Without the images, repeat every line of the listing verbatim.

### Listed entries
•••••

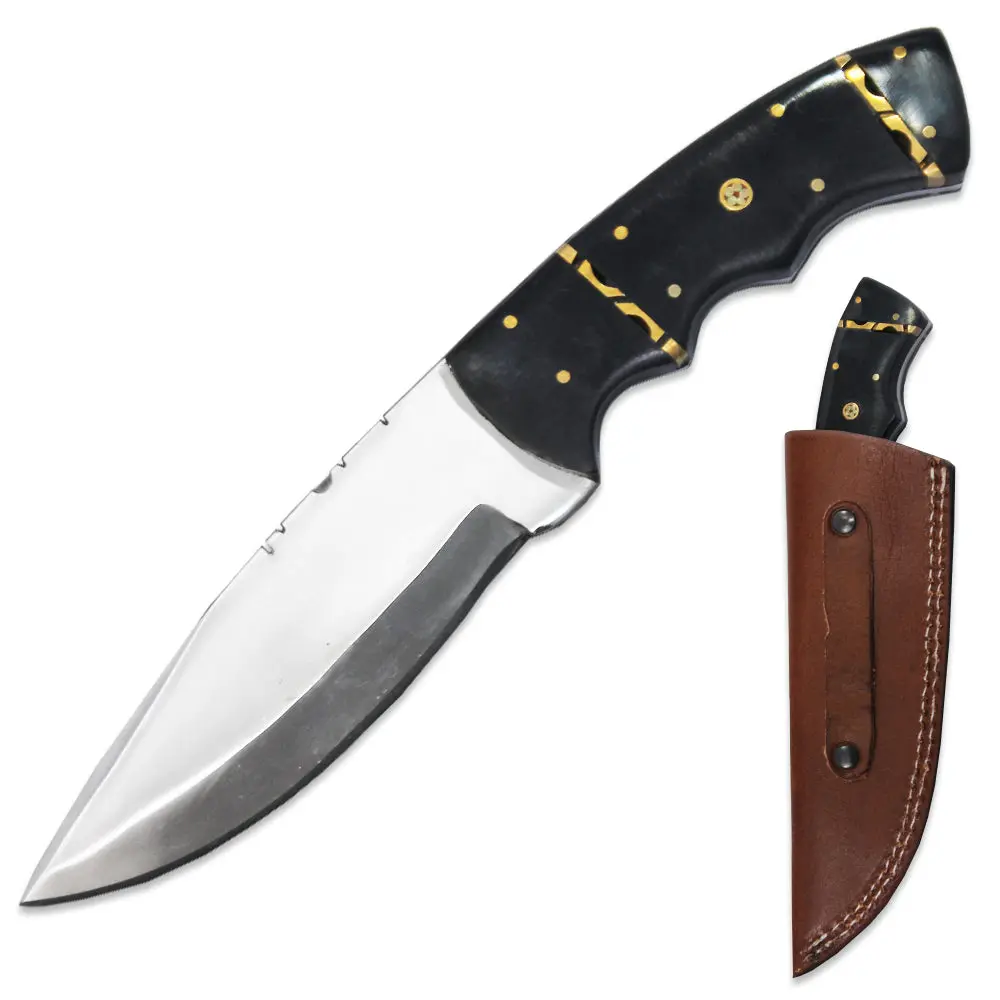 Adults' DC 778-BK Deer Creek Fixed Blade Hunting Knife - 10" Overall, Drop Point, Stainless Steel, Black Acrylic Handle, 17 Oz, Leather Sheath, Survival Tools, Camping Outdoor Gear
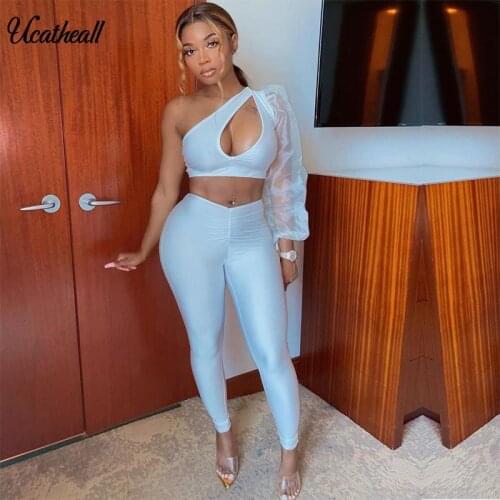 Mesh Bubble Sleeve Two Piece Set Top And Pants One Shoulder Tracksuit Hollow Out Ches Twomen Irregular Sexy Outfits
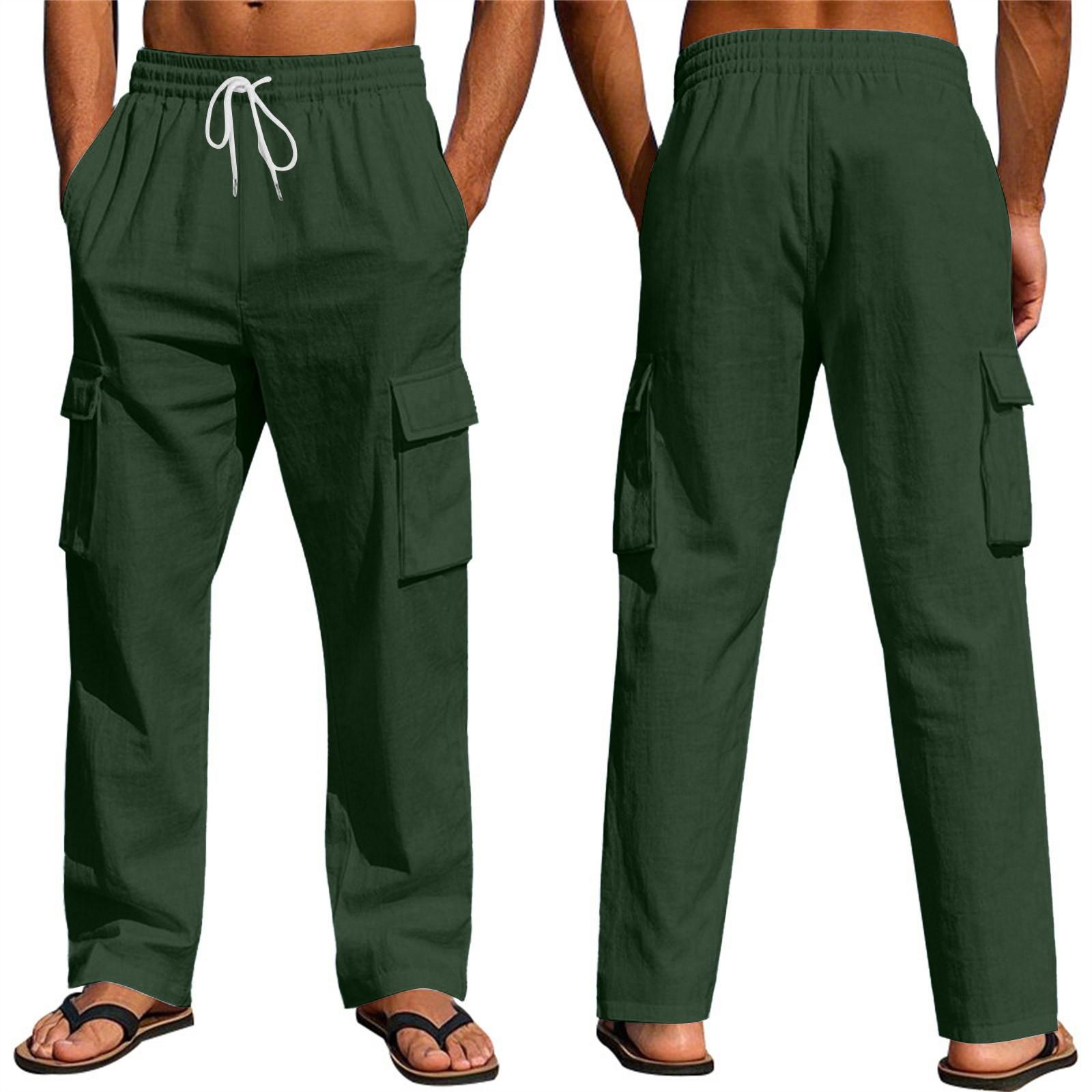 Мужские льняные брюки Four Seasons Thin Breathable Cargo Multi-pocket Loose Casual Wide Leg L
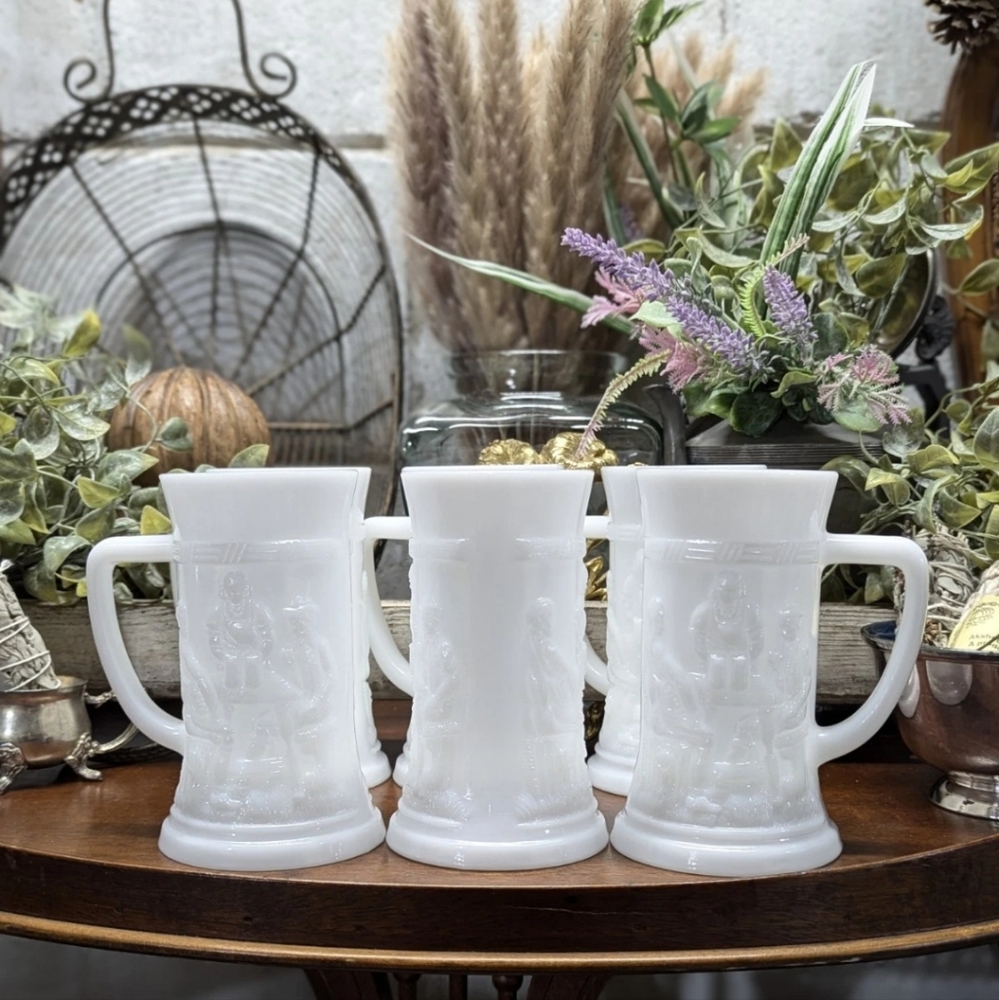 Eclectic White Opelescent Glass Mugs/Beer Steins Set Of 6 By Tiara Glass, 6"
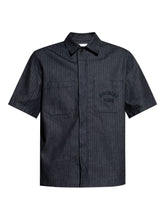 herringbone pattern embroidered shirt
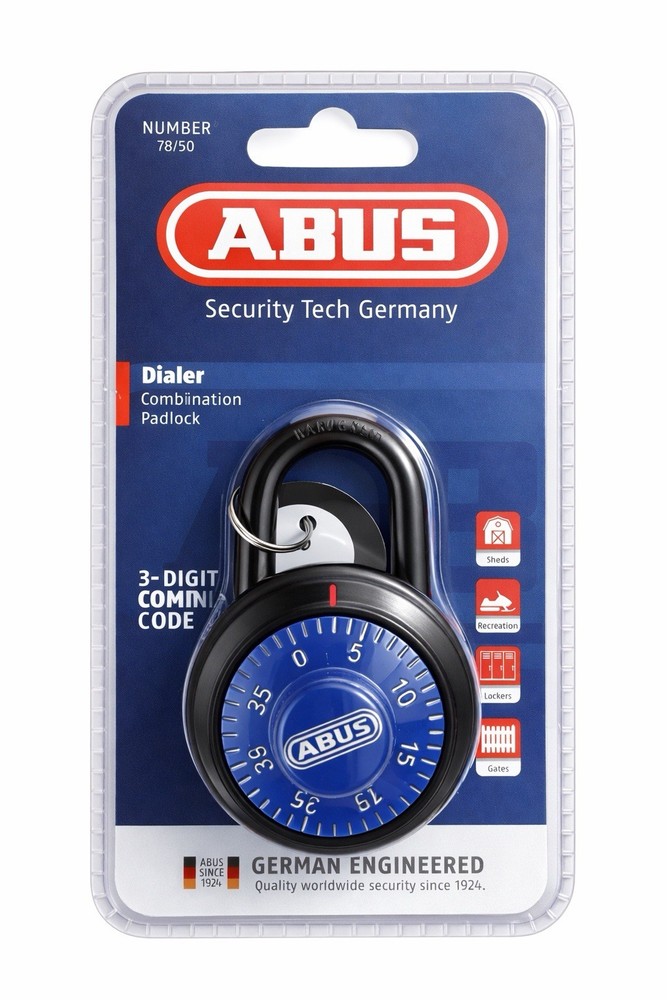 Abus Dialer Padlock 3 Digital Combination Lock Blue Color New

•••••

### Written answer
 Adults' DC 778-BK Deer Creek Fixed Blade Hunting Knife - 10" Overall, Drop Point, Stainless Steel, Black Acrylic Handle, 17 Oz, Leather Sheath, Survival Tools, Camping Outdoor Gear
 Mesh Bubble Sleeve Two Piece Set Top And Pants One Shoulder Tracksuit Hollow Out Ches Twomen Irregular Sexy Outfits
 Мужские льняные брюки Four Seasons Thin Breathable Cargo Multi-pocket Loose Casual Wide Leg L
 Eclectic White Opelescent Glass Mugs/Beer Steins Set Of 6 By Tiara Glass, 6"
 herringbone pattern embroidered shirt
 Abus Dialer Padlock 3 Digital Combination Lock Blue Color New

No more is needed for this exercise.